Le lien entre le régime de la propriété et l’empire est alors illustré dans la « Seconde Partie de Préliminaires » par l’histoire récente d’Oceana, le miroir fictionnel de l’Angleterre, retraçant l’origine du domaine gothique jusqu’à sa destruction. Selon Harrington, la monarchie anglaise s’est effondrée à cause d’une politique royale d’affaiblissement de la noblesse par l’aliénation de leurs terres et de leurs offices. En ambitionnant une monarchie absolue, les rois anglais ont ruiné le fondement de leur propre pouvoir, qui était la puissance militaire de la noblesse. Ils ont encore permis l’ascension militaire et politique du peuple par une redistribution plus égalitaire des terres. Ainsi, les rois anglais ont été les principaux responsables de la substitution de la balance gothique par la balance populaire et, conséquemment, de l’établissement de la république (17).
Pocock considère ce récit historique comme crucial pour la compréhension de la pensée politique de Harrington et lui donne une importance décisive dans le cadre de son interprétation. Il souligne encore que ce récit est novateur en ce qu’il explique le déclin politique de la noblesse et l’ascension militaire et politique du peuple à partir de l’idée que la possession d’armes est fondée sur la propriété foncière (18). Ainsi, la notion machiavélienne selon laquelle la citoyenneté se manifestait par la possession des armes est combinée avec une idée nouvelle : cette possession s’appuie sur la propriété des terres (19).
L’historien anglais reconnaît qu’Harrington avait connaissance de quelque chose qui était de l’ordre du commerce et qu’il savait très bien que Londres constituait un marché important pour les produits de la terre et pour l’achat et la vente des terres, mais ces phénomènes économiques n’avaient pas un rôle déterminant dans son explication du processus de dissolution de la balance gothique. Par conséquent, ils ne devaient pas être pertinents pour l’analyse (20).

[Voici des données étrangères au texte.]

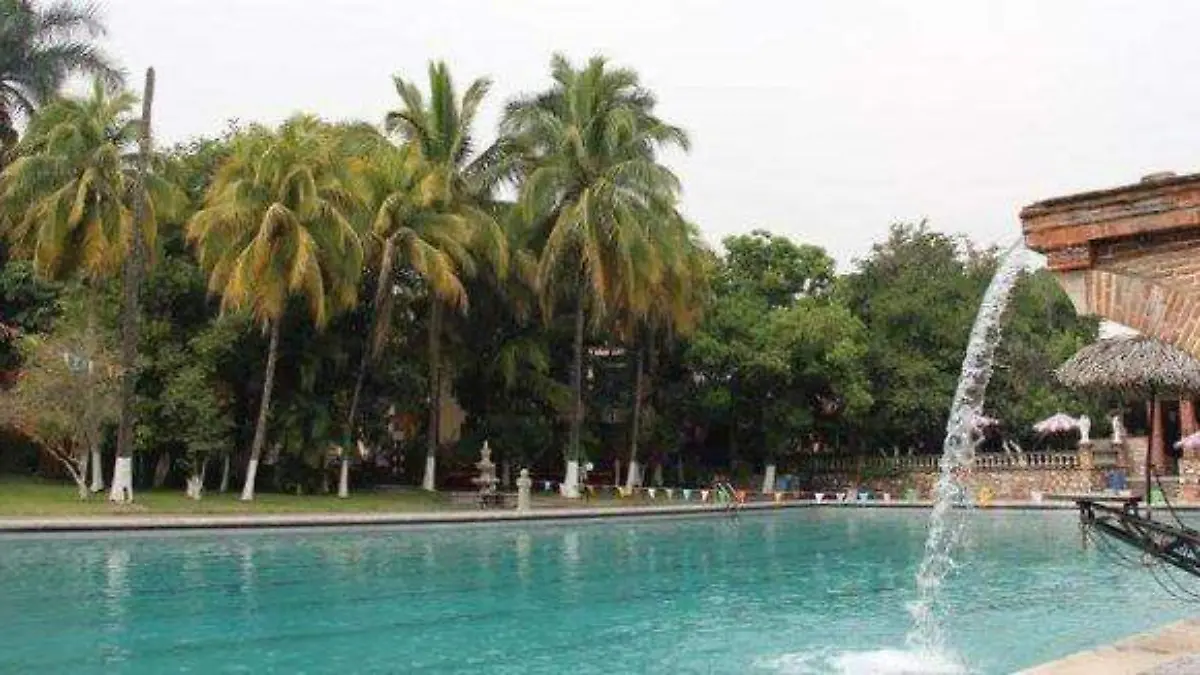 Balnearios-zacatepec-cerrados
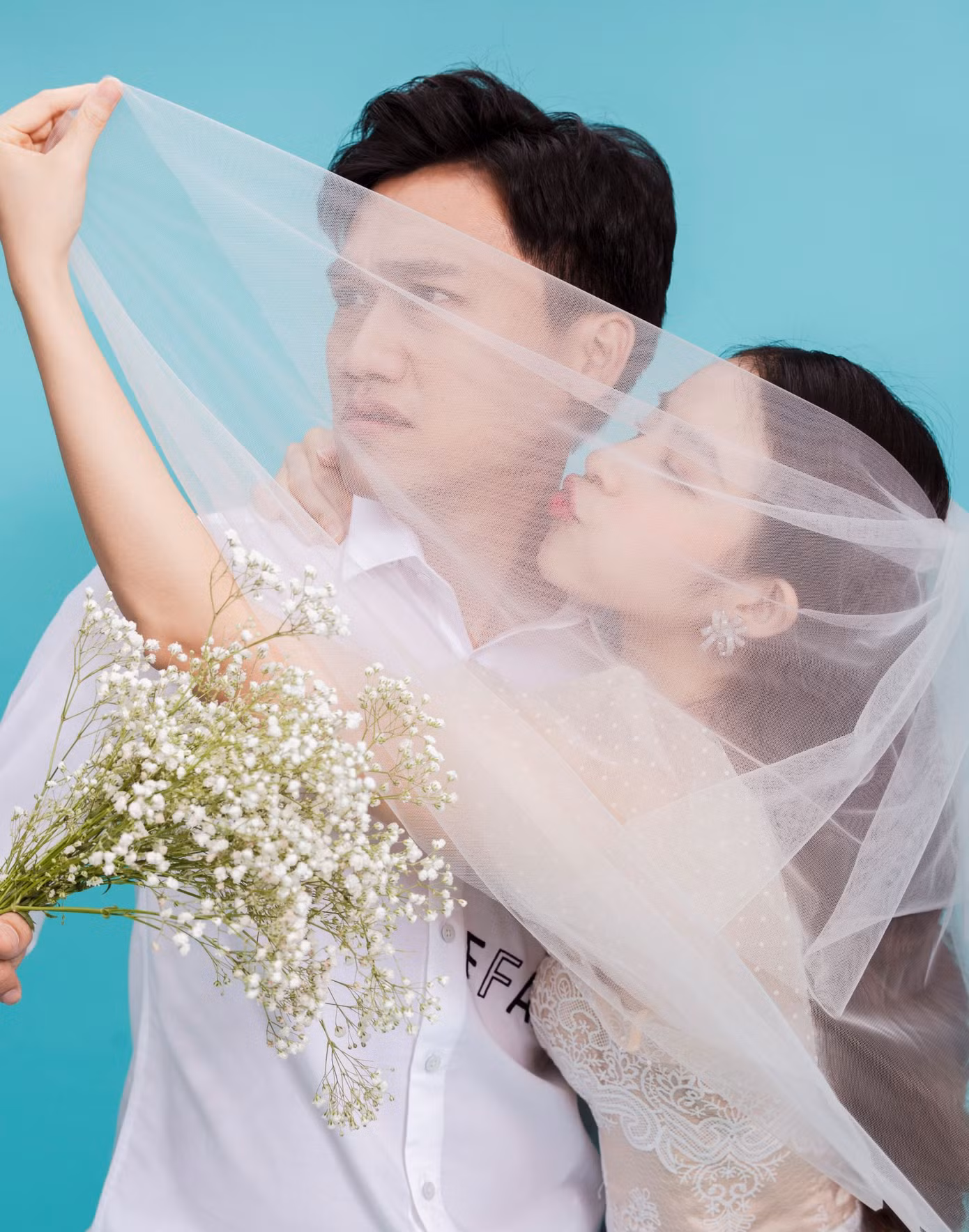 Ảnh tình tứ của Xuân Nghị - Trần Vân dấy lên tin đồn phim giả tình thật ảnh 1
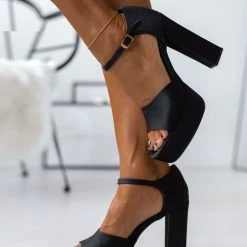 Πέδιλα Platform με μπαρέτα TFP - Μαύρο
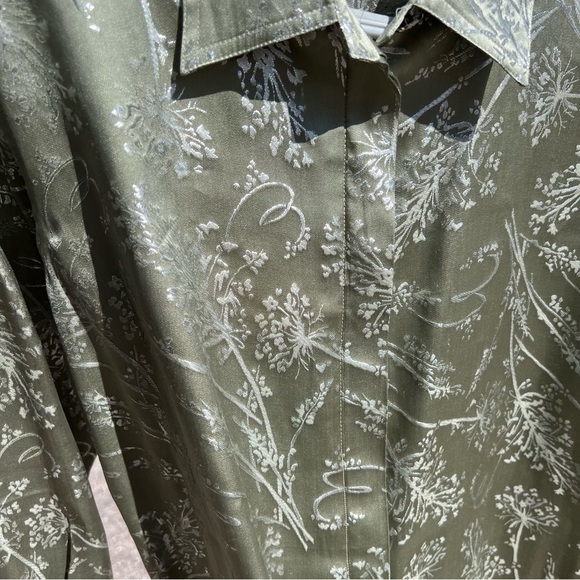 SILVER Lamé SILK OLIVE GREEN BUTTON DOWN OVERSIZED WHIMSIGOTH BLOUSE SMALL NEW - Picture 9 of 11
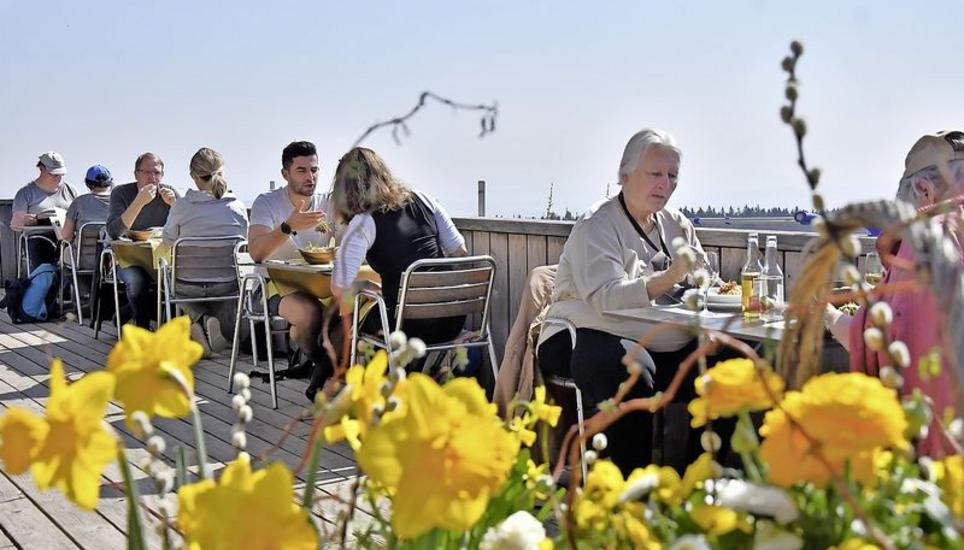 Die Terrasse des Siblinger Randenhauses gilt als Treffpunkt einer sehr diversen Gästeschar inmitten der Natur.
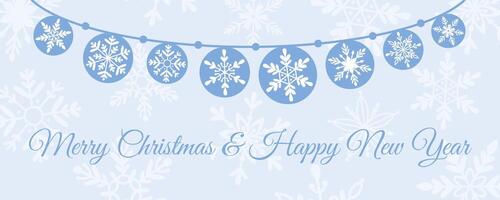 fröhlich Weihnachten und glücklich Neu Jahr festlich Design mit Girlande von Schneeflocken im eben Stil. Winter schneebedeckt Blau Hintergrund mit Schneeflocken. Weihnachten Dekoration. vektor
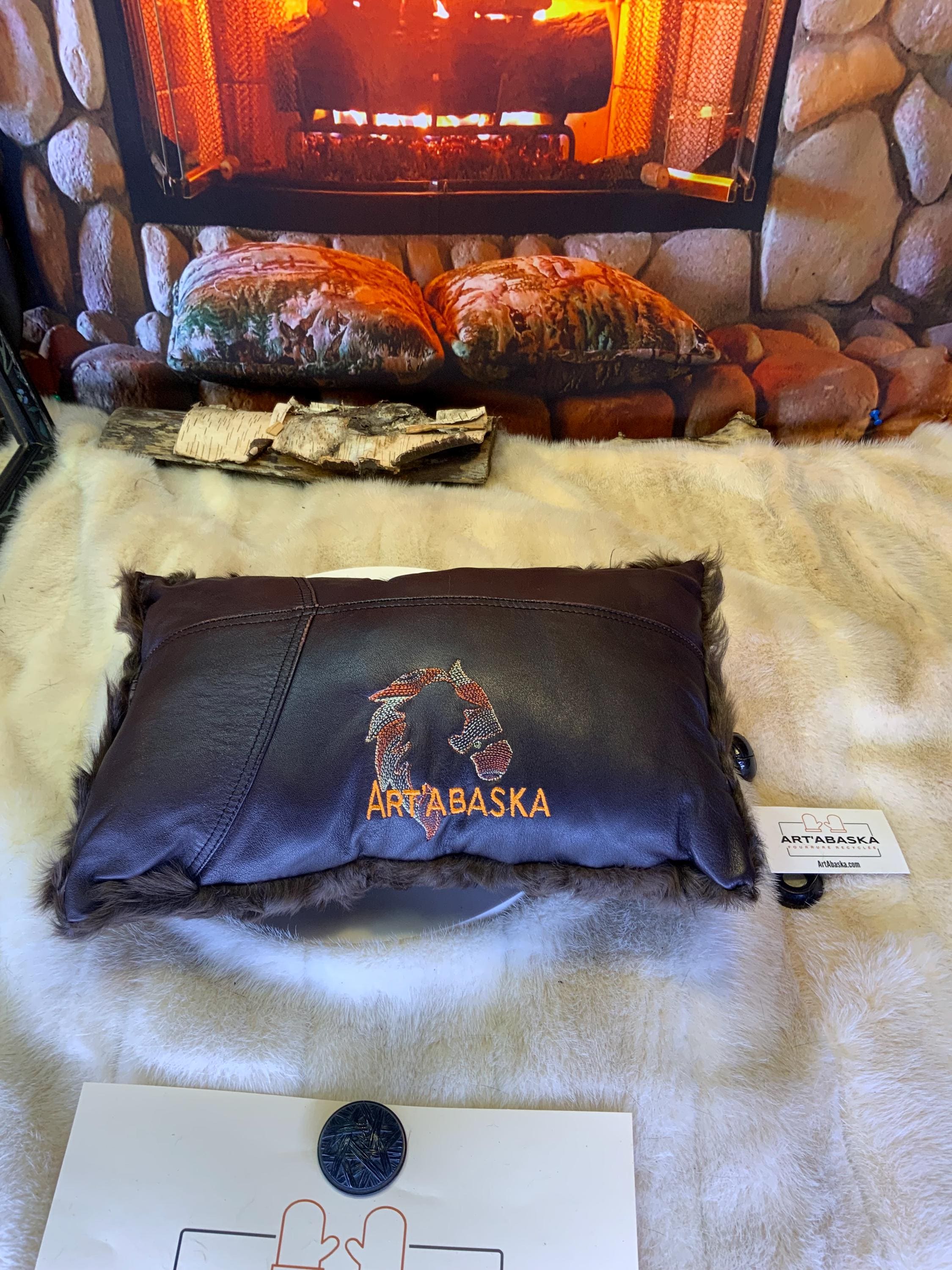 Coussin en fourrure recyclée – cuir & broderie, pièce unique faite à la main au Québec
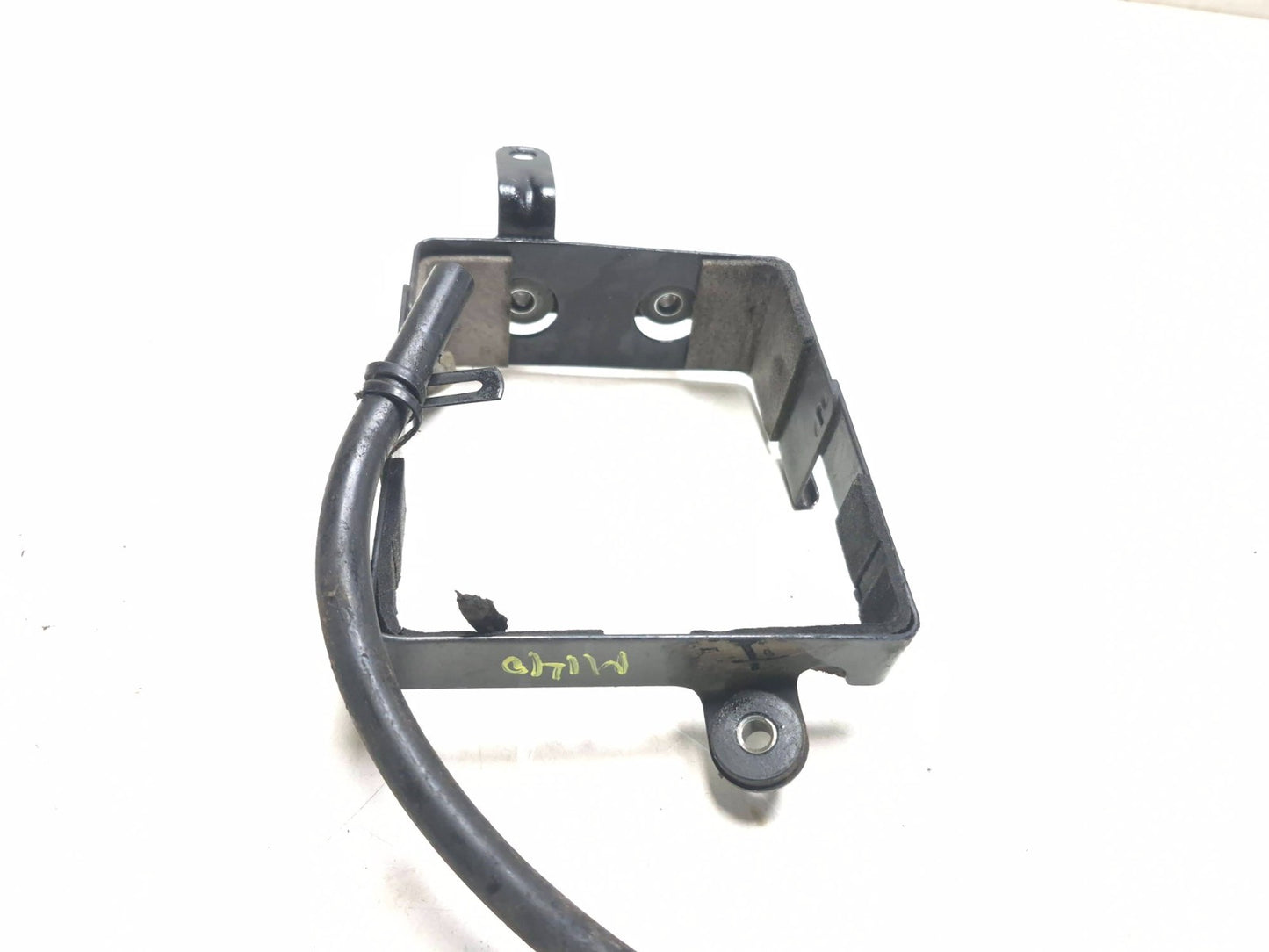 2006 Suzuki Gz250 Battery Tray Holder Bracket OEM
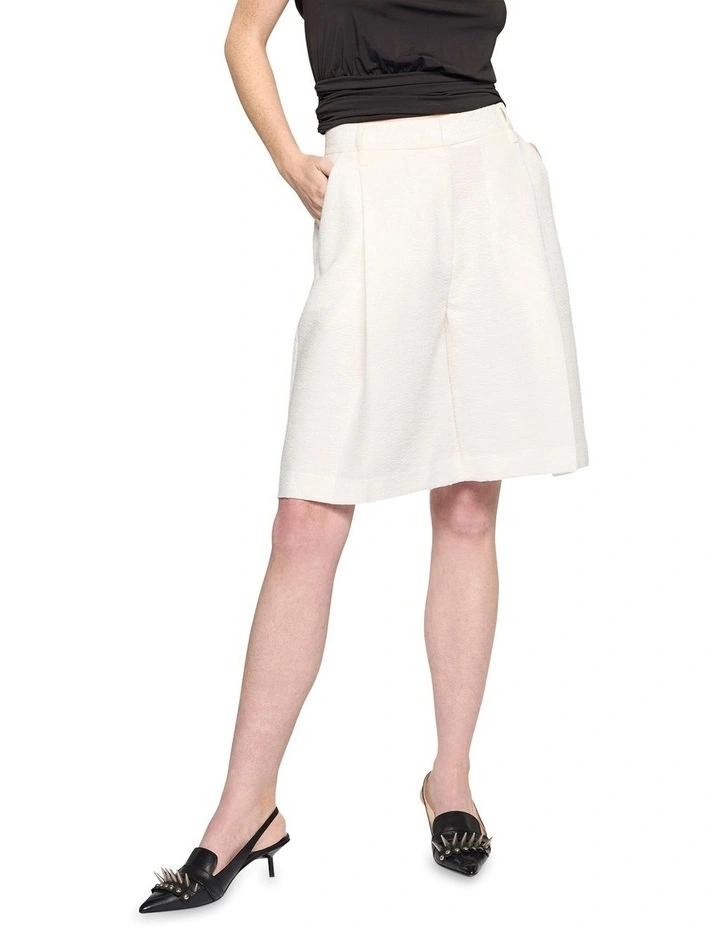 Cordelia Short in Ivory image 2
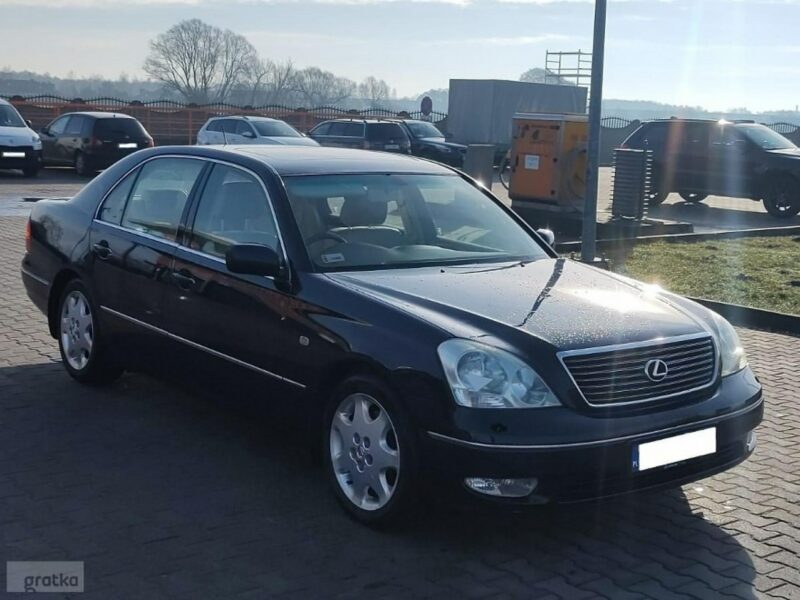 Lexus LS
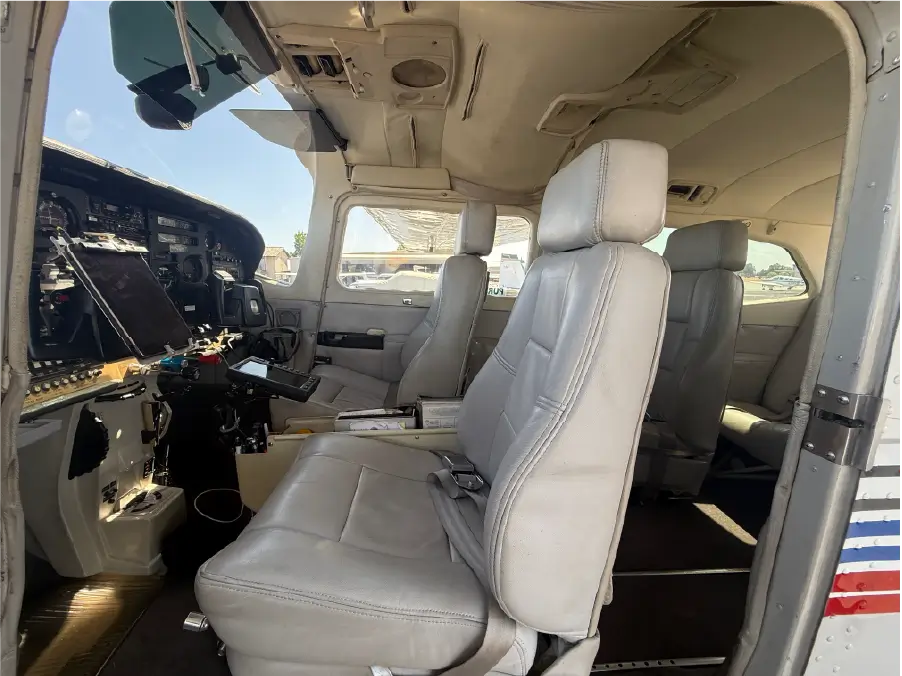 Cessna Centurion - Front Seats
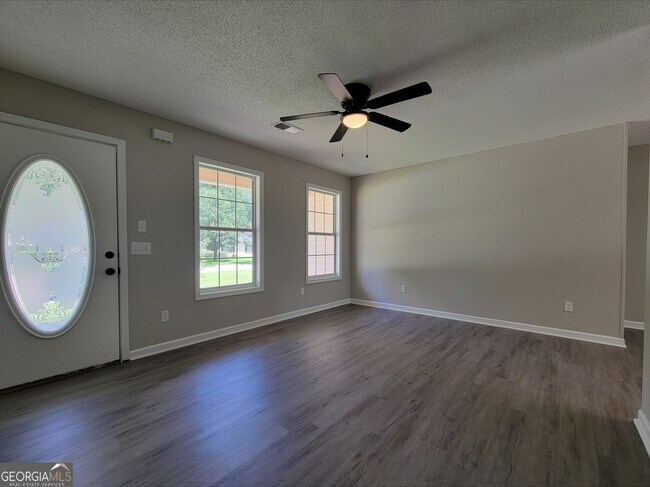 414 Missi Ln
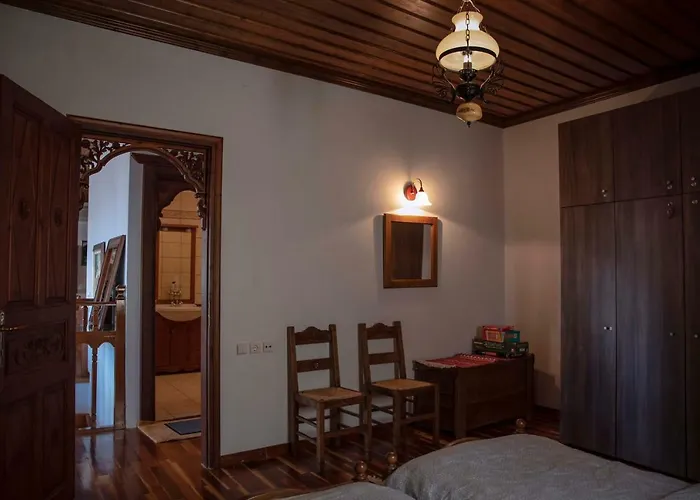 Traditional Mansion Calliopec-uvc Sterilized מקריניצה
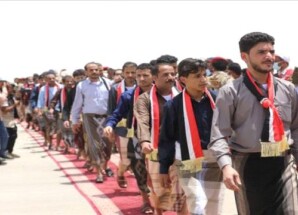 الحوثيون يواصلون التلاعب بملف الأسرى في مفاوضات الأردن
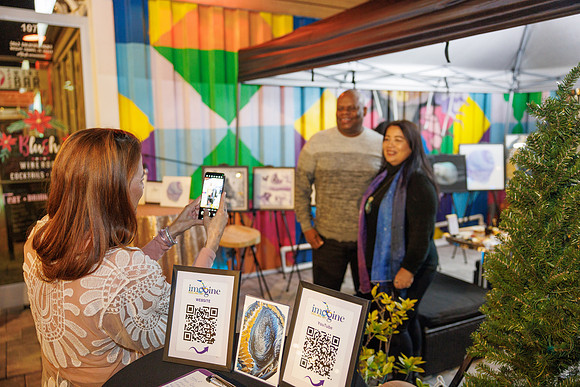Liz Imagine Healing Art Launch 2025-42
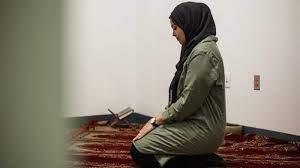 حكم صلاة المرأة في المكتب أمام الرجال؟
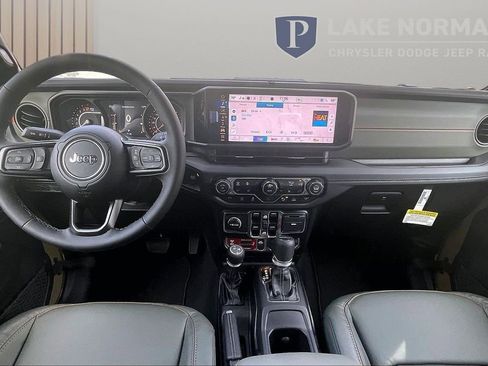 New 2026 Jeep Gladiator Mojave AWD/4WD image 10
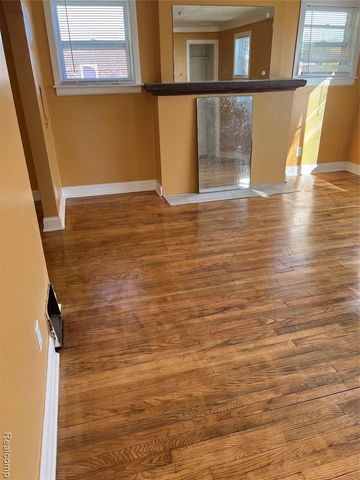 15231 Evanston Street, Detroit, MI 48224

Cependant, malgré la prédominance de la propriété foncière dans l’argumentation de Harrington (21), il faut rappeler qu’il mentionne d’autres façons d’établir l’empire, par exemple lorsque le territoire d’une nation est très petit, ou bien quand les terres ne représentent pas un facteur économique important, ou encore quand les richesses consistent davantage en marchandises et en numéraires qu’en terres. Dans ces cas-là, l’empire se fonde sur les biens monétaires, qui sont aussi une forme d’expression des biens de la fortune. Harrington se réfère explicitement à la Hollande et à Gênes, où la balance des biens monétaires est équivalente à celle des terres. L’unique différence soulignée est que la mobilité et la volatilité de biens monétaires rendent l’empire lui-même plus mobile, car il n’est fixé que sur les ailes du vent (22).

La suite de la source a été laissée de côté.